Jumlah sahabat Nabi Muhammad Shallallahu ‘Alaihi wa Sallam saat beliau wafat sangat banyak, mencapai lebih dari 100.000 orang. Namun, 100.000 sahabat tersebut tidak semuanya menjadi ulama atau ustadz. Mereka memiliki keahlian yang berbeda-beda.
* Ada yang menjadi pemimpin seperti Al-Khulafa’ Ar-Rasyidin: Abu Bakar, Umar, Utsman, dan Ali.
* Ada yang menjadi dai atau ustadz, seperti Mush’ab bin Umair dan Mu’adz bin Jabal.
* Ada yang menjadi saudagar (pedagang), seperti Abdurrahman bin Auf.
* Ada yang menjadi panglima perang yang hebat, seperti Khalid bin Walid.

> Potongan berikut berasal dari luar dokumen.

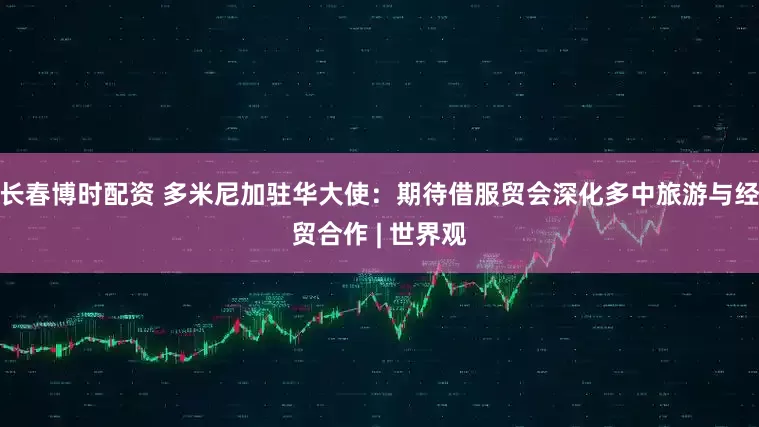 长春博时配资 多米尼加驻华大使：期待借服贸会深化多中旅游与经贸合作 | 世界观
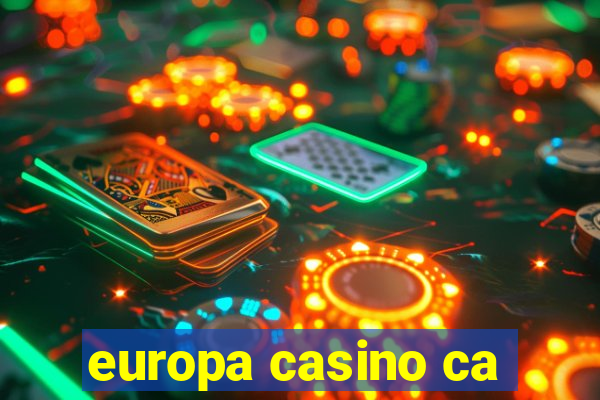 europa casino ca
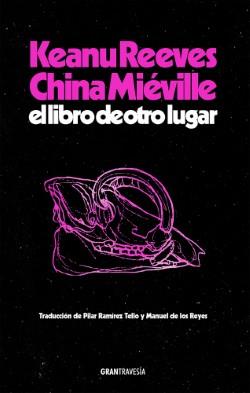 El libro de otro lugar | 9788412794434 | Reeves, Keanu / Miéville, China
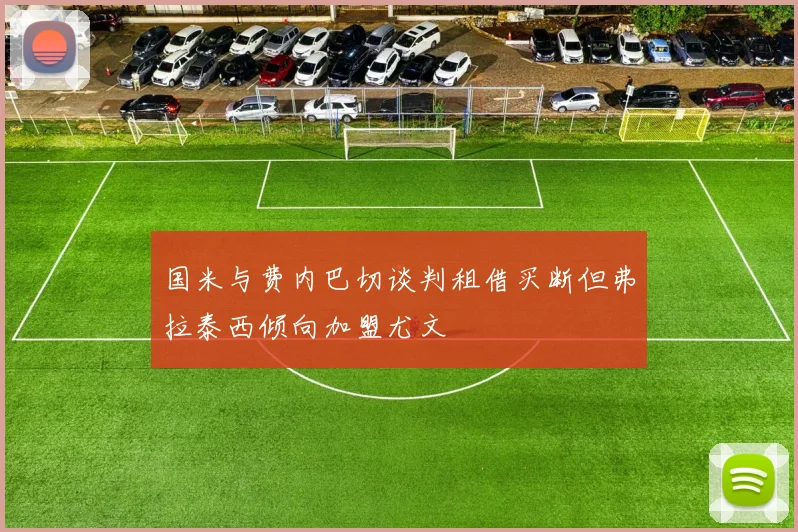 国米与费内巴切谈判租借买断但弗拉泰西倾向加盟尤文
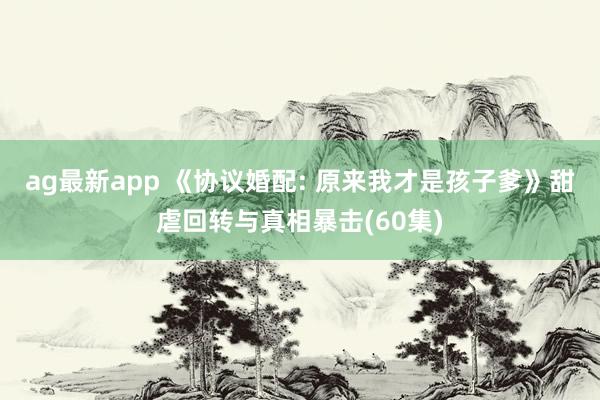 ag最新app 《协议婚配: 原来我才是孩子爹》甜虐回转与真相暴击(60集)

Para sahabat yang jumlahnya 100.000 lebih itu tidak semuanya menjadi ulama, mereka memiliki bakat yang berbeda-beda. Namun, yang sama adalah pondasi agama mereka sangat kuat.
Oleh karena itu, apabila anak menjadi dokter, hal itu diperbolehkan, asalkan ia menjadi dokter yang saleh. Jika anak menjadi arsitek, diperbolehkan, asalkan ia menjadi arsitek yang saleh. Demikian pula jika putra-putri menjadi tentara atau polisi, hal itu diperbolehkan, asalkan mereka menjadi tentara dan polisi yang saleh. Begitu juga jika anak menjadi presiden, hal itu diperbolehkan, asalkan ia menjadi presiden yang saleh. Untuk menjadikan mereka saleh, harus dimulai dari pondasi awal, yaitu pendidikan fardhu ‘ain.
Sejak kecil, pendidikan agama harus diprioritaskan.